I do not know what to do, or not do, or do more of, or less of- to manage this. Is rest the answer? Or is a lot of rest making it worse? If rest isn’t the answer, what sort of things should I do? What shouldn’t I do?
And the fact is, being in this limbo sort of halts forward motion on any management of the condition you have. What if you do something that makes it worse? Much, much worse? So you’re in this stagnant state of waiting and waiting.
With vertigo I can’t say this waiting period has been great for my health. Too much rest has amplified my chronic pain, caused weight gain, and due to that weight gain caused sleep apnea. So there is a point when waiting is just not such a grand idea. Thus my desire to find some semblance of balance between vertigo, pain, and exercise to maintain some mobility and manage my pain.
But that is the point, waiting can lead to further problems. We cannot make an action plan- one way- or another- without knowledge.

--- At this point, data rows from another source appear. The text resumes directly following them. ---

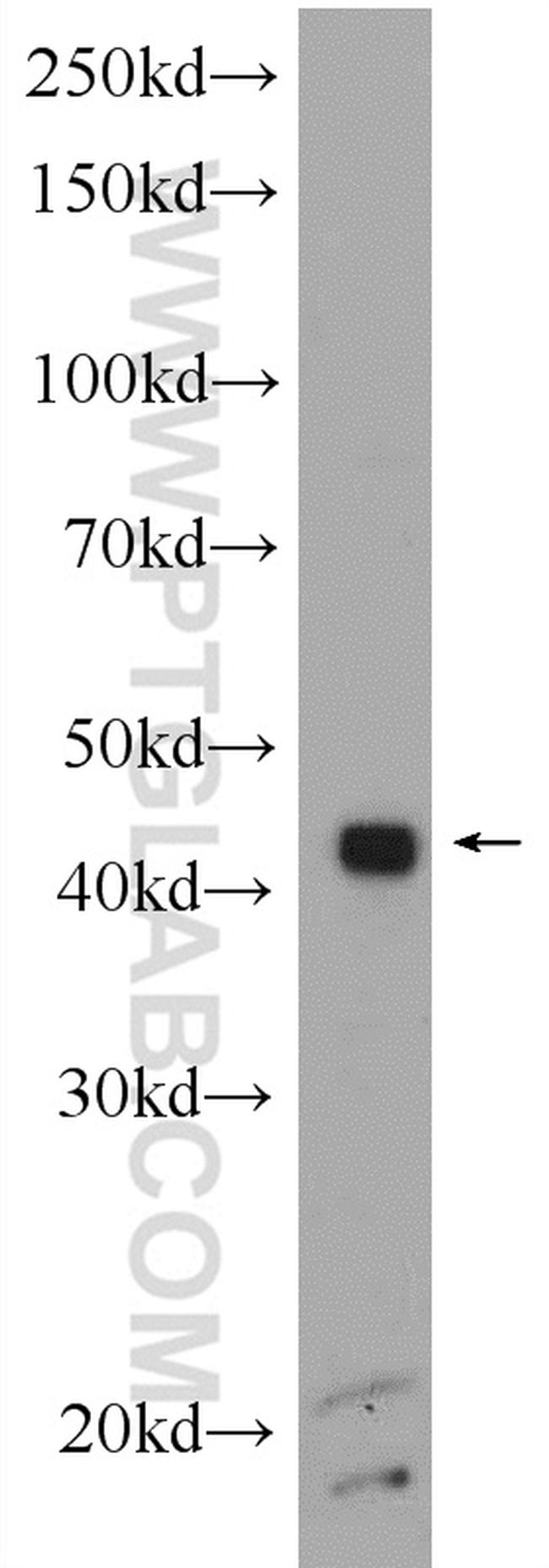 SFRS2 Antibody in Western Blot (WB)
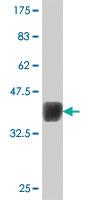 Anti-NOVA1 Mouse Polyclonal Antibody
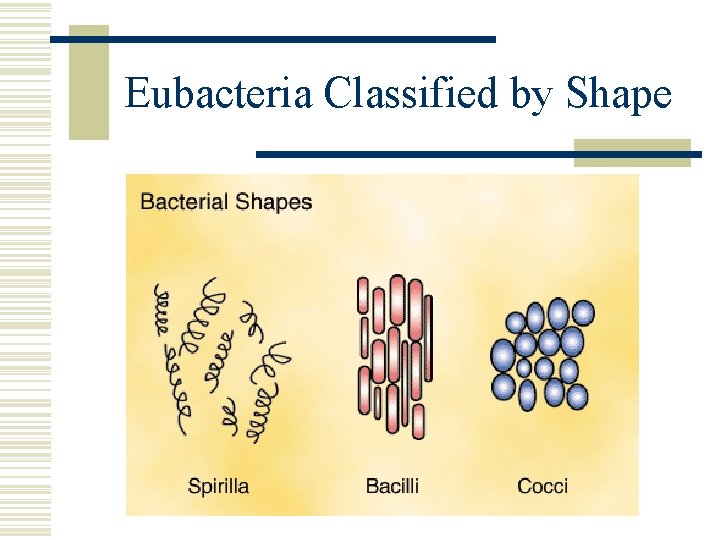 Eubacteria Classified by Shape 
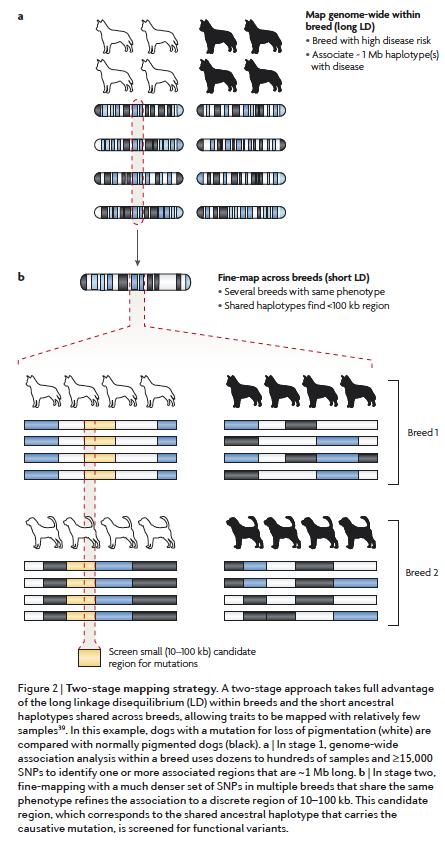 Two-stage strategy for gene mapping Step 1: use long LD blocks within a breed to rapidly map trait to a ~1 Mb region.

Name the beast and I will fight it
We just need the diagnosis label, whatever that may be, to make some sort of action plan. Yes, that means medication or treatment plans. But that could also mean lifestyle changes as well. If we have no idea what we are dealing with we have no direction to point ourselves in to figure out ways to cope and manage it outside of medication.
But in no way does this me we desire another illness to add to the stack of chronic illnesses we have. We are already ill. That’s just a fact. We just want to know how to manage it the best we can. We can’t do that without knowledge. Knowledge is power. It gives us all the forward momentum we need. Gives us a plan of action.
When I first left the vestibular clinic with my strange test results I was given an undiagnosable response from them. This is a pretty big fear for anyone with horrible symptoms they have no idea how to manage. It is basically saying they don’t know so then You have no idea what to do Either. In my case, it was just said that I had too many medical conditions that could have caused my vertigo and they couldn’t determine the actual cause to diagnose it at that time. And that meant I had literally no treatment plan. No action plan. No future way to manage vertigo, dizziness or balance issues. No clue at all, really. I was at a loss at what I was supposed to Do.
That also means I am sort of hesitant to believe my upcoming appointment will lead to a diagnosis or treatment plan. I sure as hell hope it does. But I am not certain that it will.
If it doesn’t, I will be left winging it because at some point a person just has to try and figure out something on their own if they can’t find any other answers. And that will mean a whole lot of trial and error. Not the method I prefer when it comes it my health. But, trust me, I will wing it if I have to. Trying something is better than nothing at all, if it comes down to it. Quality of life means a whole damn lot and left in this limbo state forever would tank that if I didn’t try Something. I would just prefer an actual direction, an actual action plan, an actual treatment. But we can’t always get what we want.
We want answers and action
Yes, we want that defined diagnosis. We want it so we can know our options. Know the potential treatments. Make informed choices in regards to our treatment. Choose lifestyle changes that will move us forward. Choose medication that best suits us and our needs at that time.
We do not want to be left in some stagnant limbo forever. Waiting for answers. Waiting for appointments. Waiting and waiting and never getting anywhere. Where we can make no forward progress because we have no information to move on.
But it is also true that we may never get the answers or direction that we need. That can be the case when we are complicated patients. We have multiple illnesses. And it can be difficult to determine the cause or diagnosis or something else given our current illnesses. I get that. That doesn’t mean we have to accept that. Doesn’t mean we can’t get second or third opinions. It also doesn’t mean we can’t begin to try things on our own that may help us because we have no other option but to try things on our own. That is also true. One way or the other, I need forward momentum.